Qupé Central Coast Syrah (2012)

Spring is in the air and this week's Wine Wednesday feature the 2012 Qupé Central Coast Syrah may be the perfect wine to toast the season. Qupé, is the Chumash (a Native American People) word for the lovely wildflower turned California state flower known as California Poppy that blooms every spring. The Chumash inhabited the central and southern coastal regions of CA and the wine label pays homage to them. Winery owner Bob Lindquist took the liberty of adding the diacritical mark to the “e” giving the pronunciation kyoo-pay.

Typically, I might think of Syrah as being a big, full bodied, tannic wine, but I found this one to be fruit forward with notes of blackberry, blueberry and plum along with a subtle hint of smoke. The tannins were moderate making for a well balanced wine with that wonderful peppery finish I associate with Syrah. We enjoyed this with Grilled Pork Chops seasoned with Chardonnay smoked sea salt and slathered with Hot Bone Suckin’ Sauce along with a side of Savory Whipped Sweet Potatoes with Spiced Pecans and the next night with etouffé. This wine is a very drinkable, ready to drink now wine. To print or save the recipe, click the links below.

Wednesday, March 16, 2016

Alexana Pinot Gris (2014)

It was back in December that my sister and brother-in-law took my husband and I wine tasting in the Willamette Valley. They know it's something we enjoy and there's no shortage of great wineries to explore each time we visit.
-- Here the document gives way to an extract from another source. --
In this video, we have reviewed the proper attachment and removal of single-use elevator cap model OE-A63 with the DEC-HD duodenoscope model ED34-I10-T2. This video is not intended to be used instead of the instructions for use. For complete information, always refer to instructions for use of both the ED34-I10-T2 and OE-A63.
This time our tour took us to Alexana Winery an 80 acre vineyard of largely Pinot Noir but also other varietals. I enjoyed the wine tasting in their gorgeous tasting room and managed to catch a glimpse of the sun through the large windows as it momentarily peaked through the rain clouds and cast its light on the lush green expanse that is their vineyard and the Willamette Valley. If an atmosphere could influence the wine experience for the better, this place could indeed do just that. I loved the wines, purchased this bottle of Pinot Gris but reserved my final opinion until I opened the bottle last evening.
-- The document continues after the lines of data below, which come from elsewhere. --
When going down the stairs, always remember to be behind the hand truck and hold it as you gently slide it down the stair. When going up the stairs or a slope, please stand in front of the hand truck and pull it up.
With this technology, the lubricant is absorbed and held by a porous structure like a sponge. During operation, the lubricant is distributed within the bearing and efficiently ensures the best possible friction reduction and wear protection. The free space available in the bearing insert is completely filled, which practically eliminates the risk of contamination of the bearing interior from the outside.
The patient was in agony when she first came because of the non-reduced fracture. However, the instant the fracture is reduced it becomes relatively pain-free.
Pinot Gris as you may know is the same grape as Pinot Grigio. The same - yet largely different. Pinot Grigio, the Italian treatment of the varietal, in my opinion tends to result in strong citrus notes and a clear crisp finish. Pinot Gris from the Alsace region of France tends to be a little fuller bodied with more green apple, pear and tropical fruit notes and is a little “smoother around the edges”. Generally, where the varietal is grown outside of these two regions, winemakers name the wine after the preparation style it more closely resembles – Italian Pinot Grigio or Alsatian Pinot Gris.

As you may have guessed the Alexana Pinot Gris, as is the case with most Willamette Valley representations of the varietal, is a reflection of the Alsation style. I found this wine extremely enjoyable sans the fancy showroom and majestic view. On the nose, honeysuckle and pear.  On the palate much the same with that slightly rounder mouth-feel I adore in a Pinot Gris. Because it is a fuller bodied style of the grape vs. Pinot Grigio, the food pairing expands to dishes beyond salads, fish and seafood. Of course it would pair well with all of those but in addition, try with my Baked Chicken and Wild Rice or Pan Fried Pork Chops with Chismol. Click the links below to print or save the recipes.

Also, just a reminder, if you can't find some of the wines I review in your local wine shop, most wineries can ship to most states and the wine can be ordered from their websites.